Questa scelta è innovativa e credo segua i flussi di mercato attuali, caratterizzati dalla frammentazione dei diritti TV.
«Abbiamo fatto un tender, un’offerta pubblica come richiesto dalla legge. Il problema principale era il desiderio delle emittenti di risparmiare. Noi mettiamo a disposizione oltre 240 partite che hanno un costo produttivo, e sempre più spesso il costo dei diritti si somma al costo di produzione. Grazie alla lungimiranza di Deltatre, è stata assunta la responsabilità della produzione a un livello in linea, se non superiore, a quello di DAZN dello scorso anno. E oltre a LBA TV, abbiamo riportato il basket di Serie A su Sky Sport, con il canale Sky Sport Basket, che rappresenta a miglior vetrina e con anche un accordo con Sky per la trasmissione in chiaro su Cielo di alcuni incontri».

Qual è l’orizzonte futuro? È prevista una prospettiva economica di rivendita del prodotto, magari ispirata all’acquisizione di NFL TV da parte di ESPN in America, con una interessante revenue sharing?
«Quello che succede oltreoceano di solito arriva in Italia dieci anni dopo. Tuttavia, avere una proprietà di tipo OTT (over the top) anche in join venture con un operatore tecnologico e finanziario come Deltatre permette di essere preparati per un probabile consolidamento delle varie offerte. È sicuramente anche un’iniziativa commerciale e spero che in futuro la Lega e le sue associate possano trarne un beneficio diretto».

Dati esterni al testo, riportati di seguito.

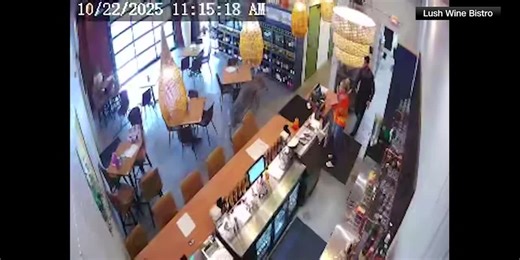 Deer crashes into wine store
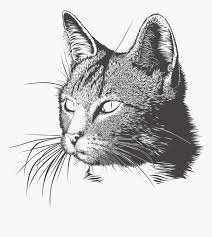 See more ideas about cat drawing, cat art, animal art. Black And White Cat Drawing Png Transparent Png Kindpng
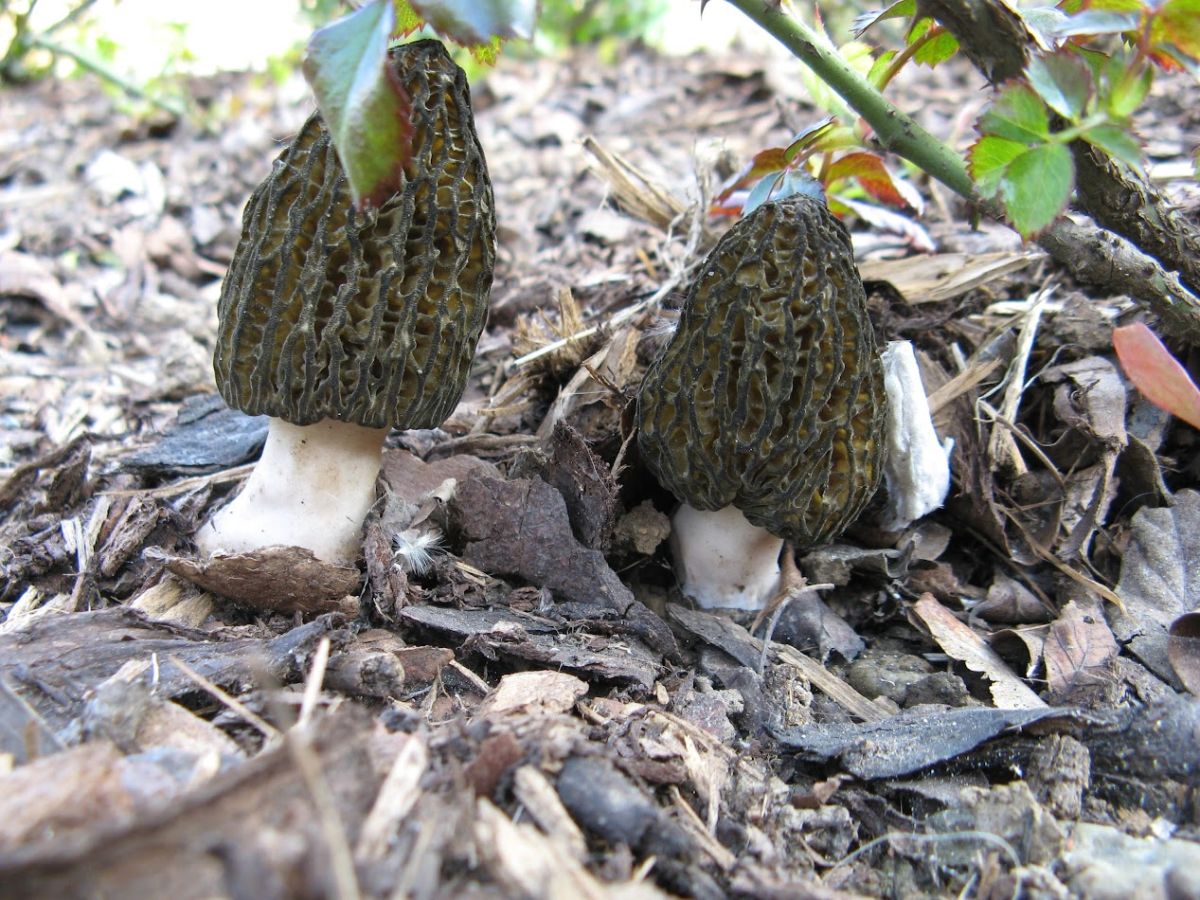 Morchella esculenta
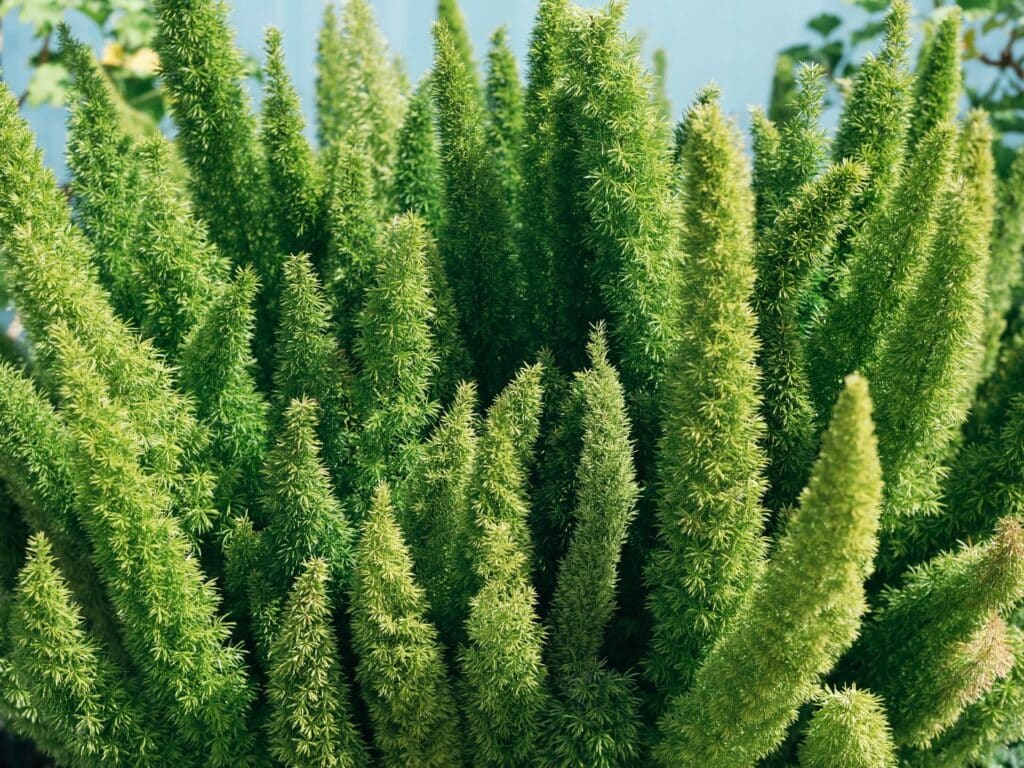 foxtail fern companion plants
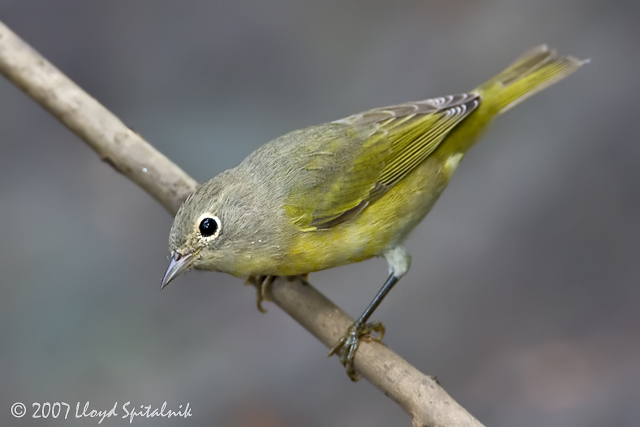 Nashville Warbler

Parlando dell’esperienza in Lega Basket: qual è stato il momento più bello e quello più difficile della sua presidenza? Che, lo ricordiamo, è iniziata il 9 marzo 2020, il giorno in cui l’Italia andò in lockdown.
«Il momento più difficile è stata la gestione del primo mese. Io fui eletto il 9 marzo e il campionato fu subito sospeso. Nessuno capiva cosa sarebbe successo in quello che divenne il più grande dramma sanitario del mondo moderno. Dover gestire la decisione federale di chiudere il campionato, con tutte le polemiche che ne conseguirono, fu durissimo, data l’assenza di consapevolezza sul futuro. Anche la gestione di un campionato a porte chiuse e le aperture a intermittenza è stata dura. Le cose più belle che ricordo sono quelle che tanti non sapranno o non apprezzeranno, ma che hanno caratterizzato i cinque anni. Tra queste la creazione del trofeo del campionato attuale, il nuovo trofeo della Supercoppa, la rivisitazione della Coppa Italia. E poi la creazione della Final Eight a Torino, grazie anche al suo spostamento stabile: è diventata l’evento di pallacanestro più importante in Italia per numero di presenze, con oltre 45.000 persone nel 2025. Infine la LBA TV che è evidentemente un lascito di un’importanza esagerata».

È dispiaciuto per com’è terminata questa avventura? In pratica è entrato papa in conclave e ne è uscito cardinale.
«Sì, ci sono rimasto male, non me l’aspettavo, e non eravamo preparati. C’era una solida maggioranza a favore della mia rielezione, ma è mancato un solo voto nel segreto dell’urna. Nel corso del tempo, si è creata un’opposizione, le cui motivazioni sono ancora curiose da comprendere. Ho scelto di non creare ulteriori fratture e le società hanno scelto un altro tipo di presidente, Maurizio Gherardini, con un profilo più “di campo”. Ora, credo che anche io – dopo cinque anni da presidente e venendo da una città come Varese dove si respira questo sport – non posso non essere definito un uomo di basket, ma questo è un giudizio personale. Mi sono occupato di una Lega che in campo non aveva bisogno di me, essendo una Lega con enormi differenze tra le società (budget, storia, impianti, seguito). Il risultato migliore è stato forse quello di tenerle insieme per cinque anni, evitando la litigiosità che aveva caratterizzato alcune esperienze precedenti. Quella fatta dai proprietari è una scelta legittima e che accetto, anche se mi dispiace».